Factorial, Double Factorial, and Multifactorial
Factorial
For a natural number $n$, $n!$ is read as $n$factorial and is defined as follows.
$$ n!=n\cdot(n-1)\cdot(n-2)\cdots 2\cdot 1 =\prod\limits_{k=1}^n k $$
Description
It is used in many places to neatly express equations. The factorial of $0$ is defined as $0!:=1$. By generalizing the domain of definition of factorial, one can also define something called a Gamma function.
Double Factorial
For a natural number $n$, $n!!$ is read as $n$double factorial and is defined as follows.
$$ n!!=n\cdot (n-2)\cdot (n-4) \cdot (n-6) \cdots $$
Description
If a factorial is the product of values subtracted by $1$ from $n$, then the double factorial is the product of values subtracted by $2$ from $n$. Therefore, if $n$ is even, the multiplication ends at $2$, and if it is odd, the multiplication ends at $1$. If $n$ is even,
$$ n!!=\prod \limits_{k=1}^{\frac{n}{2}}(2k)=n\cdot(n-2)\cdots 4\cdot 2 $$
If $n$ is odd,
$$ n!!=\prod \limits_{k=1}^{\frac{n+1}{2}}(2k-1)=n\cdot(n-2)\cdots 3\cdot 1 $$
For example, if $7!!=7\cdot 5\cdot 3\cdot 1=105$ and $10!!=10\cdot 8\cdot 6\cdot 4\cdot 2=3840$
$n!!$ is not often used because it can be confused with the notation of $(n!)!$. Of course, there aren’t many practical uses for it either. However, it is used for convenience when dealing with complex equations in quantum mechanics, among other areas. Like factorial, it is defined as $0!!=1$.
Multifactorial
For a natural number $n>k$, $n!^{(k)}=n!_{k}$ is defined as follows and called multifactorial.
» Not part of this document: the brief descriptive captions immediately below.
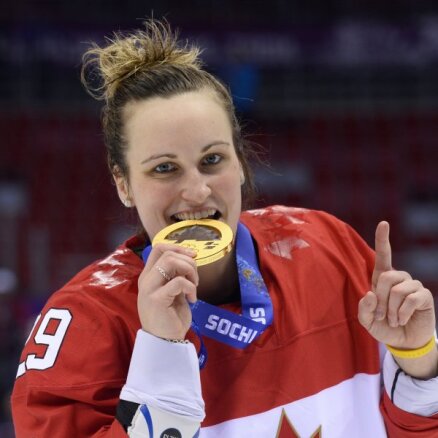 Хоккеистки Канады чудом в четвертый раз выиграли Олимпиаду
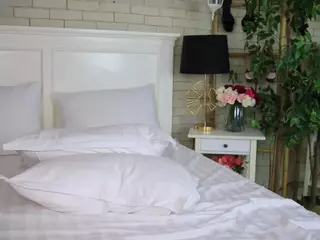 Emilly Bronte's Live Sex Cam Show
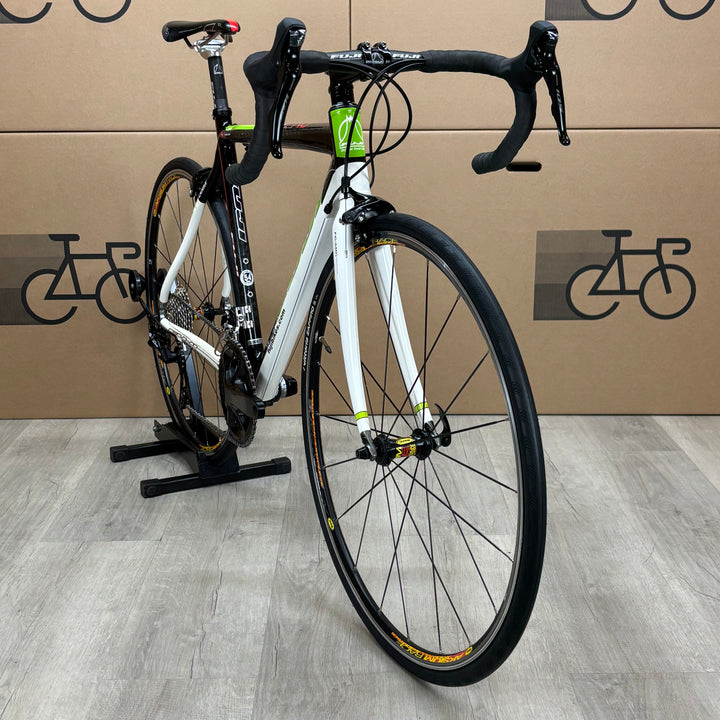 Used Fuji Team Pro, Carbon Fiber Road Bike, Shimano 105 11-Speed, 54cm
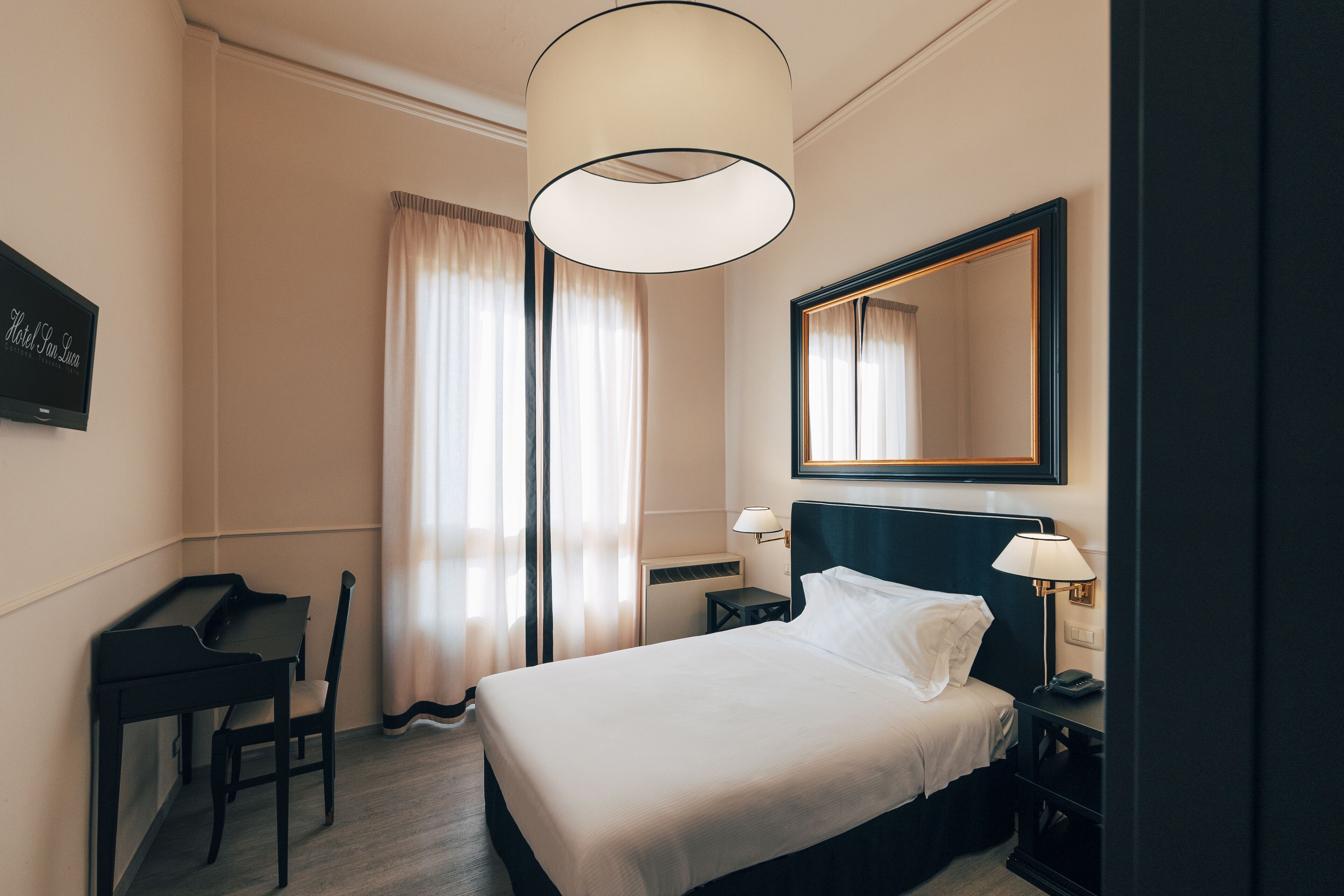 classic double room | minibar, in-room safe, desk, soundproofing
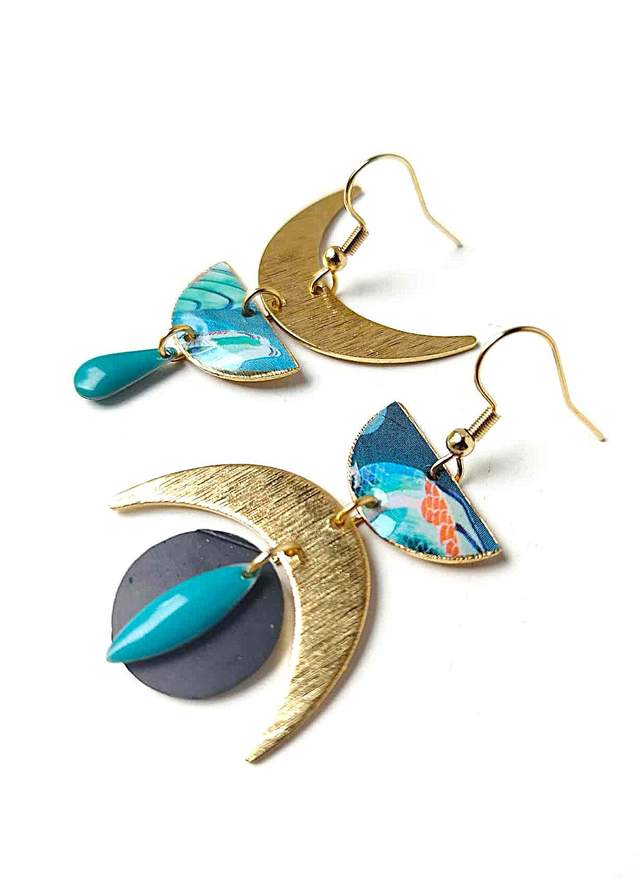 Boucles d&#039;oreilles Asymétriques Upcyclées en Chambre à Air et Papier Recyclés - Croissants Lune 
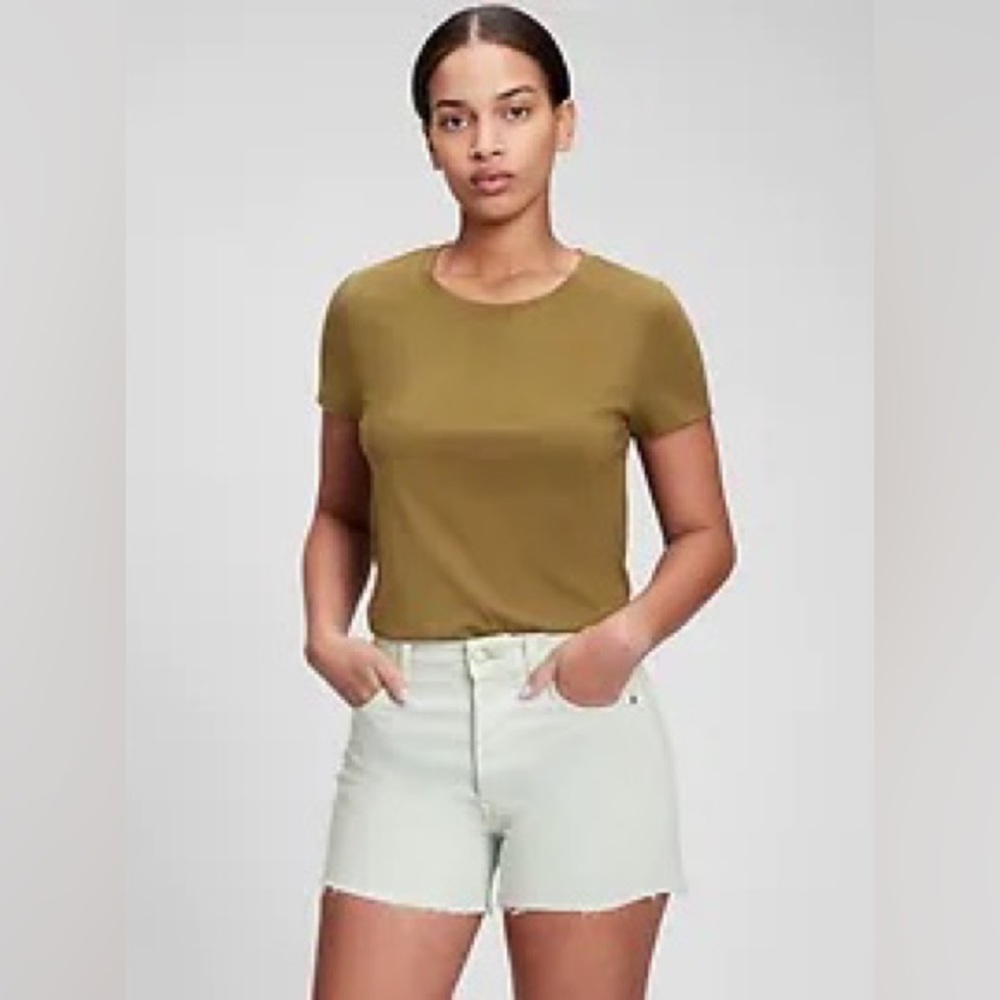 NWT Gap Olive Green Tshirt Medium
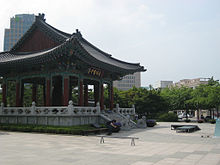 Dalgubeol Grand Bell in Daegu.jpg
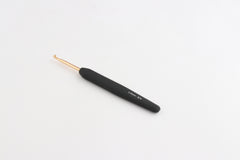 Gold Aluminum Single Ended Crochet Hooks with Black SoftÃ? FeelÃ? Handle 3.50 mm (E) Gold Aluminum Single Ended Crochet Hooks with Black SoftÃ? FeelÃ? Handle 3.50 mm (E)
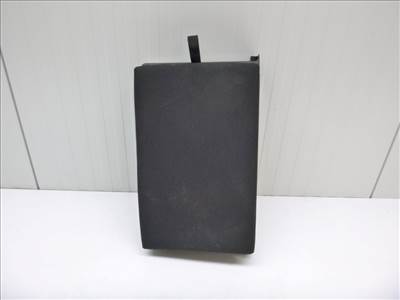 Volkswagen passat vii kombi hátsó könyöklő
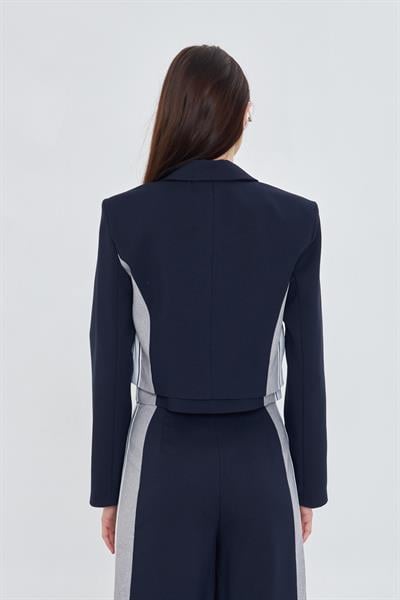 Yanları Şeritli Garnili Kısa Ceket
$$ n!^{(k)}=n\cdot(n-k)\cdot (n-2k) \cdot (n-3k)\cdots $$
Description
If the Gamma function extends the domain of definition of factorial, then the multifactorial can be seen as an extension of the properties of factorial itself. Since double factorial is seldom encountered, naturally, multifactorials are even rarer. Start from $n$ and multiply by subtracting the number of exclamation marks until a negative value is obtained. For example,
$$ 9!!!!=9\cdot 5\cdot 1,\quad 8!!!=8\cdot 5\cdot 2 $$
In the case of $0<n \le k$, it is defined as $n!^{(k)}=n$, and in the case of $-k < n\le 0$, it is defined as $n!^{(k)}=1$.